How have you demonstrated a commitment to equity, diversity, and inclusion? 

Effective and engaged EDI work requires dedication, time, and financial support. It is no longer just enough to say we value these ideals, we must work to change the systems and establishments we are a part of through sustainable, long-term change. I aim to do that and know that I have a lot to learn and plenty of room to grow. In 2021, I worked with the EDI Taskforce (now committee) in my role as the Membership and Recruitment chair to host an “About STS” webinar. It was meant to show how STS worked, how folks could get involved, and demonstrate we are a welcoming, inclusive section that supports people from all backgrounds as both members and as leaders. The committee now plans to do something similar every year going forward. At my university, I am part of the Paid Parental Leave Working Group, whose goal is to improve the policy at our institution to support parents and enable them to thrive in their careers.
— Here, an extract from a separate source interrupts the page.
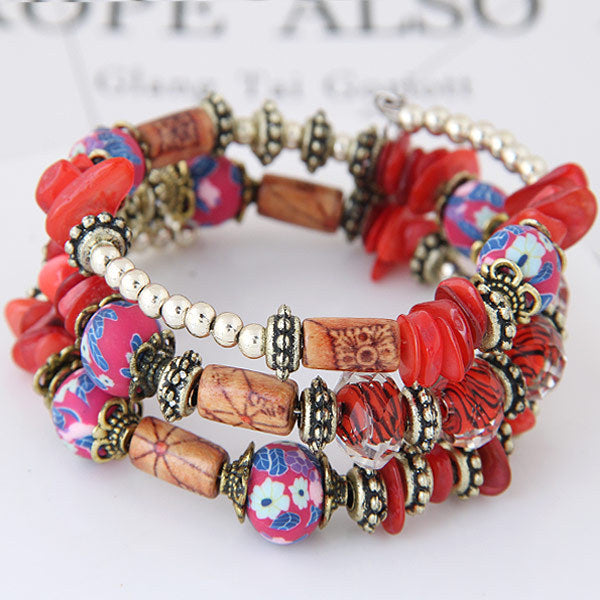 Beautiful Bracelet with Unique Style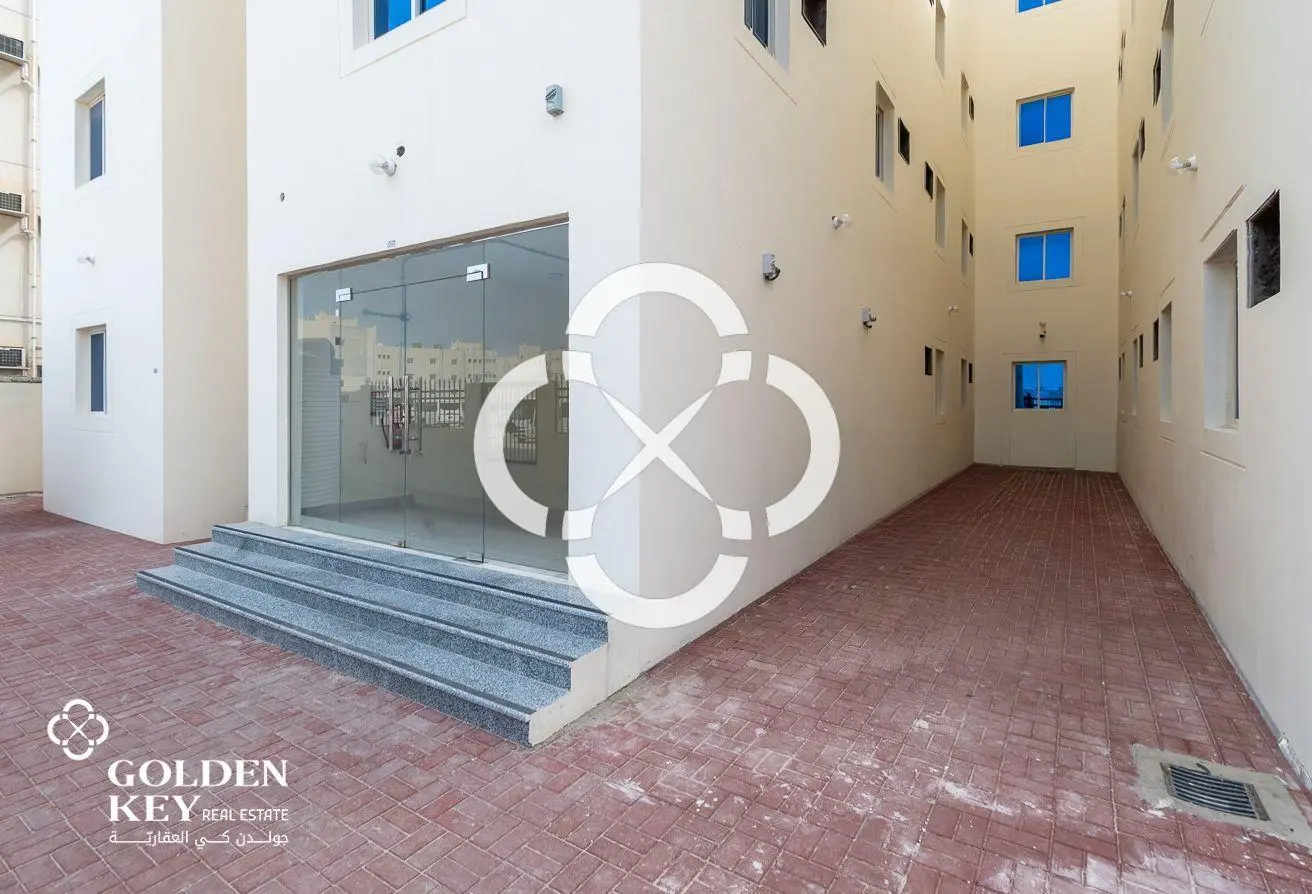 Brand New Labor Camp + 2 Shops | Birkat Al Awamer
One of my goals as a science librarian has always been to support women in STEM. I continue to seek out ways to do that and at the moment I am working with a few of our colleges to host a free showing of the excellent, award-winning documentary “Picture a Scientist”. We’re inviting the entire campus, the local high school, and the community. It is a documentary that everyone should see.

What ideas do you have for making STS a safe space that is as welcoming as possible to members and guests?

As a member and co-chair of the Membership and Recruitment team, this has been a big part of my work with STS the past few years. Our initiatives like the “STS New Member Spotlight” and the “About STS” webinar have aimed to make STS a more approachable and friendly section. Our members come from a variety of backgrounds and all have unique stories; sharing these stories makes the section more welcoming and friendly. I am also a huge fan of the work the mentoring committee has done to formalize their program. I think mentorship is one of the best ways to bring people into the section and set them up for success in the profession. Sharing our EDI initiatives and how we make that a priority also makes it clear that STS is a welcoming and safe space for people of all backgrounds to participate.

Continuing and supporting all this work is important and there will be more opportunities to welcome new members and reconnect with existing members as the pandemic (eventually/hopefully someday) ends. As in-person conferences return, hosting more casual events and having networking and sharing opportunities will be a significant way for us to reconnect as a section and welcome potential members.

What goals for the section would you have if elected to this position? How do you envision committees and members helping the section achieve those goals?

  1. I would like to see STS focus more on open science, open access, and open data. I think as librarians we have an important role to play in promoting and fostering these ideas. STS is a great home for education, discussion, and supporting each other and our libraries as we navigate new territory. Many committees would share in this work including the Research Committee, Scholarly Communications Committee, the Professional Development Committee, and the Liaisons Committee.
  2. I’m so glad that STS has the Equity, Diversity, and Inclusion Committee, but I think that every committee could make its own, individual EDI goals. Most committees are already doing this work, but making it more explicit and sharing it with the whole section makes it clear that this is a priority for us and will help make us more inclusive.
  3. Connecting with each other as both professionals and people is really important. I know that we are all exhausted and stretched thin after the past few years, but I am always re-energized by getting to know the people in STS a little better. Regardless of the state of conferences and in-person events in the future, I want connection, relationship-building, and fun to be in our future.